Task brief
Please repeat exactly the lines below from the line with "The Ultimate Small" to the line with "Nextbase Wireless SDV1102", including both, and leave out every picture.

The input
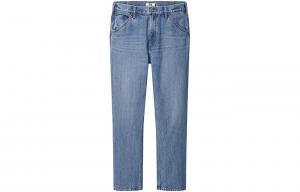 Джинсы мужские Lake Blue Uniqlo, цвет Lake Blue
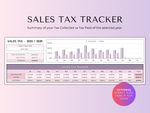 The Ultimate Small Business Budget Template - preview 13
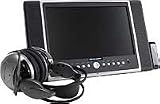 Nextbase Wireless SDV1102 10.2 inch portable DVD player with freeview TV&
---
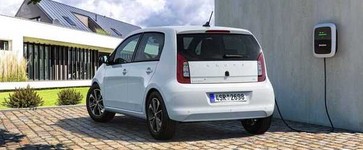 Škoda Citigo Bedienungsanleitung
* * *
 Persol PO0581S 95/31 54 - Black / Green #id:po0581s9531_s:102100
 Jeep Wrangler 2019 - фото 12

Solution for this problem
 The Ultimate Small Business Budget Template - preview 13
 Nextbase Wireless SDV1102 10.2 inch portable DVD player with freeview TV&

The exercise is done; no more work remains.